Task objective → In the listing below, the answer starts at the line that has "FOTO: Bărbat cu" and stops after the line that has "Men's Competition Barbell Set"; please repeat that part exactly and nothing more.

Materials provided →
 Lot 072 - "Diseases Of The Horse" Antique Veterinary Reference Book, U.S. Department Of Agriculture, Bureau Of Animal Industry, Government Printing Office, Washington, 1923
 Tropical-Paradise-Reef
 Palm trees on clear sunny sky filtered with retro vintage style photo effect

...

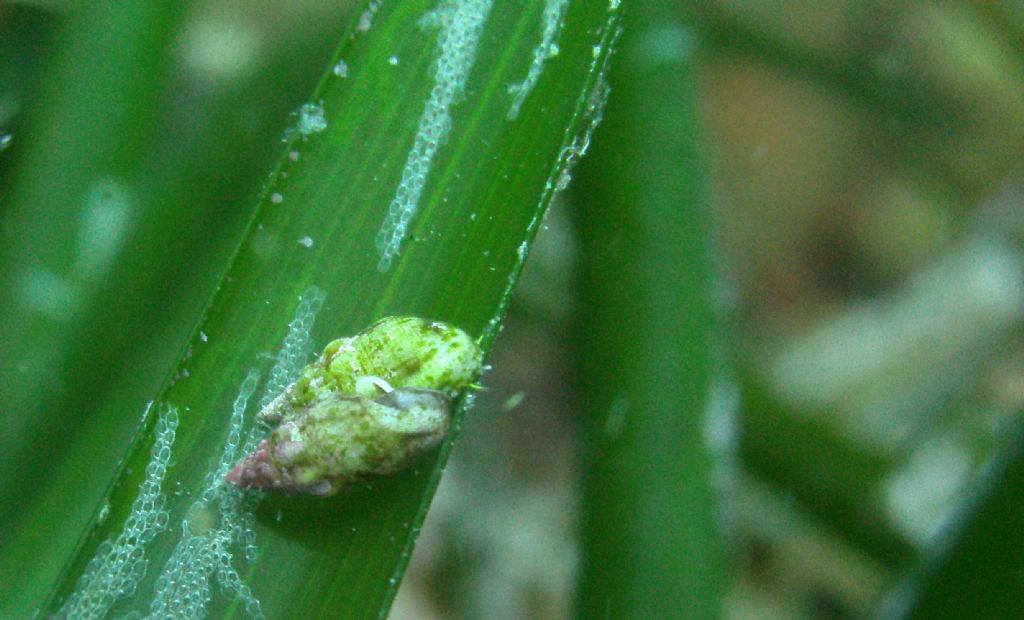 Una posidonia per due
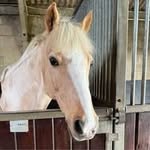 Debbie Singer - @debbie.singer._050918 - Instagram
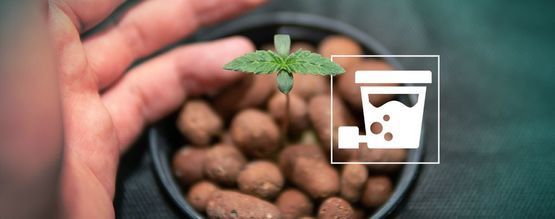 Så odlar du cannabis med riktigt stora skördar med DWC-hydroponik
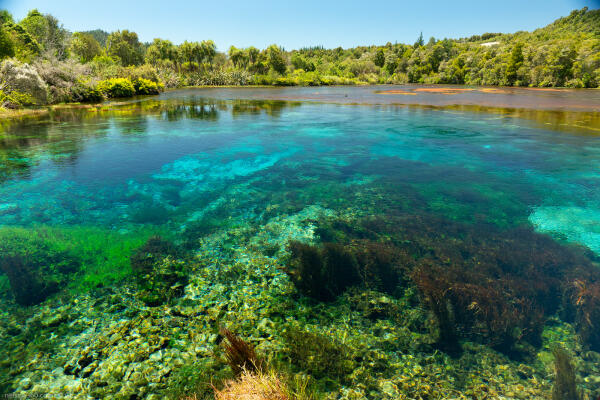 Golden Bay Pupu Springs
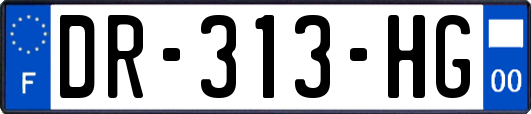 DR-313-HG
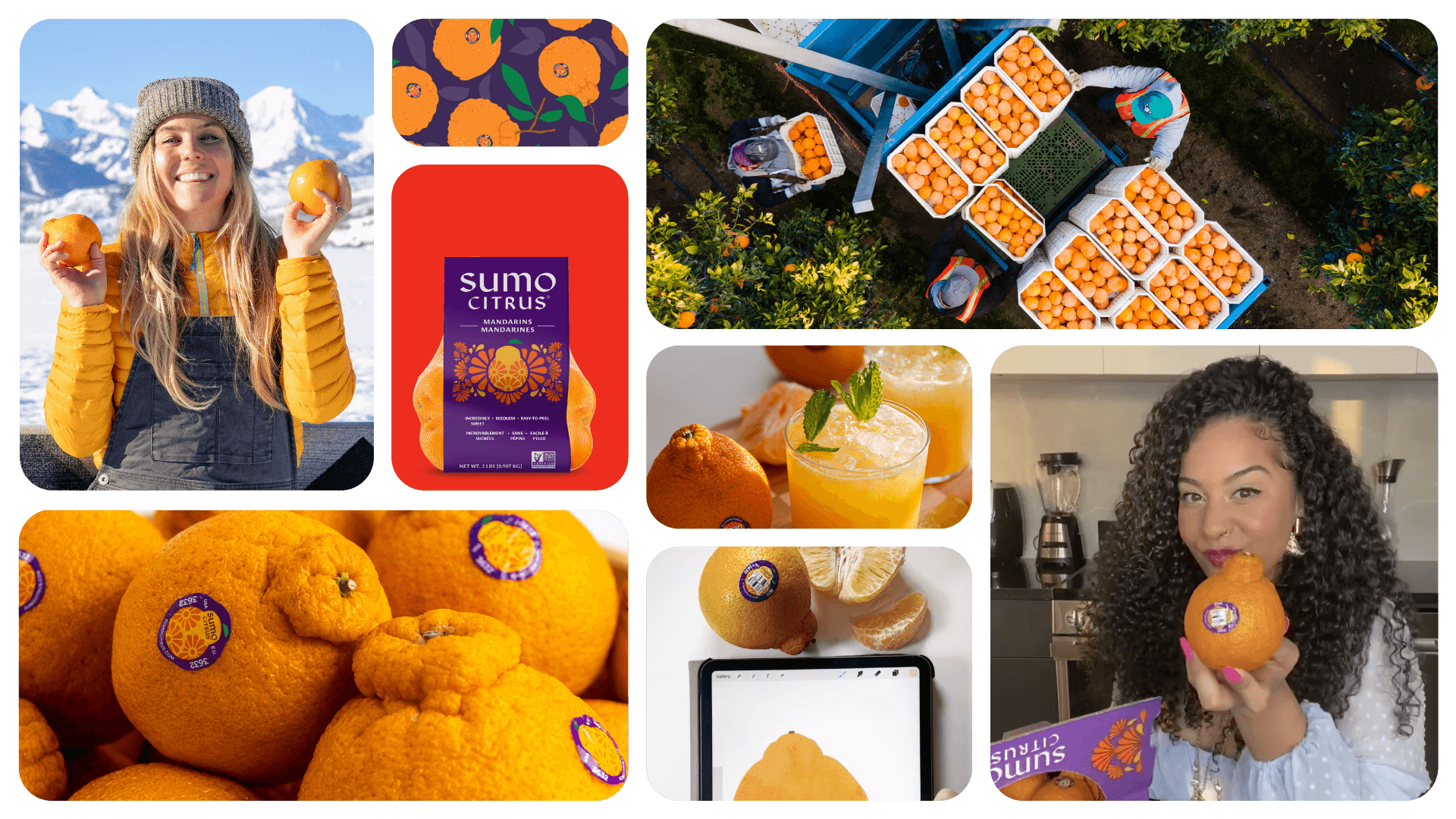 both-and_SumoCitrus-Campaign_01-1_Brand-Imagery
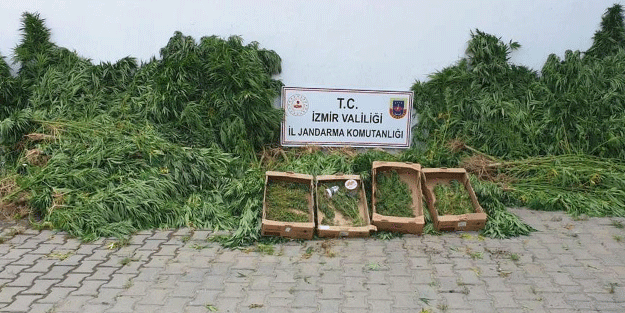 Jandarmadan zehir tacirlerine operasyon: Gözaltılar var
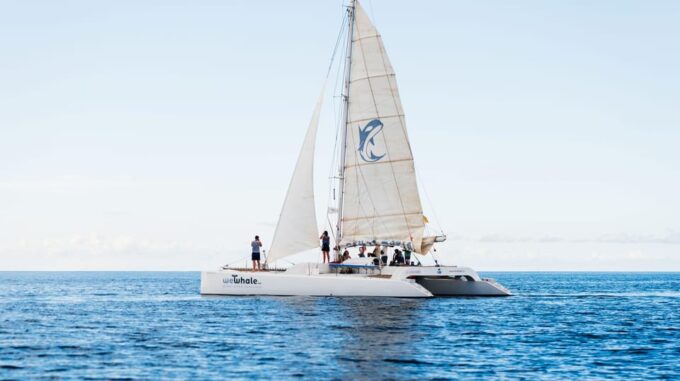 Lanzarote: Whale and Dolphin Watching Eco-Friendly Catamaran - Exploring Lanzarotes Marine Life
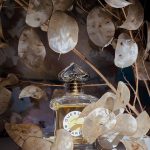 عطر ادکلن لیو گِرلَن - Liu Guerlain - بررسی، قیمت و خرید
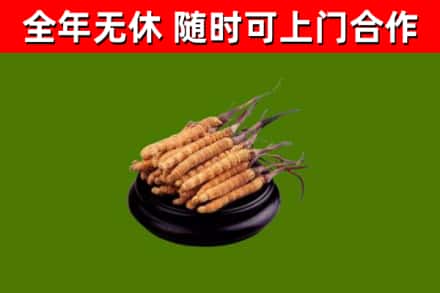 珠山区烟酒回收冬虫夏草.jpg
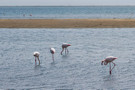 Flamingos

==

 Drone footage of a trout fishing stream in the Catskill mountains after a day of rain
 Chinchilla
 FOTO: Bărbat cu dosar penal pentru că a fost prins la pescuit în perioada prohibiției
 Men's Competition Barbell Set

Exercise output →
 FOTO: Bărbat cu dosar penal pentru că a fost prins la pescuit în perioada prohibiției
 Men's Competition Barbell Set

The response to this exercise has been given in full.